El personaje de la cuñada de Louis, en esa tartamudez que no acaba de decir nada, es más que conmovedor. Así como la histriónica y sabia madre; igual que la figura del hermano mayor Antoine, un magnífico Cassel que borda el papel de hermano susceptible, marginalizado por el prestigioso hijo pródigo que vuelve para enseguida irse. Así como la adorable hermana que le adora, oscilante entre las drogas de barrio y la nostalgia metafísica. Etcétera.
Todo muy bien perfilado y trabajado. Ahora bien, ¿para qué, si no hay absolutamente nada que contar, nada distinto a la medianía de siempre, a la cobardía intelectual de siempre, a la indecisión de siempre? El dédalo de la neurosis familiar es tal, con sus intrincados amores y rencores, que finalmente Louis, y esto casi se ve venir desde el principio, no podrá decir nada de su tragedia íntima. Por una miseria intelectual de la que no puede culpar a nadie, no se atreverá a contar su único mensaje posible: Voy a morir y es hora de arreglar cualquier cuenta pendiente. Tan sencillo como esto; asequible a los hombres de carne y hueso pero imposible para la nomenklatura clonada que dirige la parálisis global.
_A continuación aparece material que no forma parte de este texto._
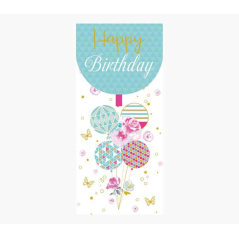 Pictura Money Cards – Carte cadeau verticale – Thème ballon – 9,6 x 21,3 cm – Dans un emballage individuel – Enveloppe blanche i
Nada. No quedan hombres, ya lo sabíamos: no es tan extraño que alguna mujer esté más bien desesperada. Louis y los suyos, pero sobre todo él, nuestro atormentado antihéroe gay, chapotean de principio a fin con tal autocomplacencia en su tormento que uno puede preguntarse si es otra cosa que una disculpa intelectual para no salir nunca de casa.
Una cosa más en torno a esta triste cinta. ¿Por qué los que todavía no hemos muerto, y además presumimos de todavía «jóvenes», tenemos que criticar siempre a nuestros padres y a la familia? ¿Por qué? Naturalmente, sin decirlo, Dolan da a su manera impecable y miserable una respuesta: para justificar nuestra mezquindad con el supuesto oscurantismo de nuestros padres y mayores, que ya han muerto y no pueden defenderse.
Al final todo es muy intelectual y típicamente francés, lo siento. Todos hablan mucho y nadie hace nada, como moscas agitadas contra un cristal turbio. Pero el cristal ha sido empañado para que no sea nítida nuestra cobardía crónica. Es normal, como ocurre en algunas película de Haneke, que el público asista fascinado a tal panorámica del tormento. Mañana ya tenemos justificado no hacer nada más que quejarnos, encantados de haber conocido a la víctima ideal que somos.
El universo angloamericano, como cualquier otro, no parece en conjunto menos sospechoso. Ahora bien, si le echamos solamente un ojo a la desconcertante Captain Fantastic, nos asomaremos a un mundo todavía humano, y hasta humanista, donde puede ocurrir algo. Por ejemplo, a partir de la familia como máquina de guerra frente a la estupidez del mundo. Una posibilidad que, al parecer, el jovencísimo Dolan, antes ya de haberla sopesado, ha abandonado.
Ni que decir tiene que seguimos entonces entre el fuego y las brasas. Y esto es lo peor y lo más eficaz de esta película, exactamente lo que a nuestro nihilismo conviene.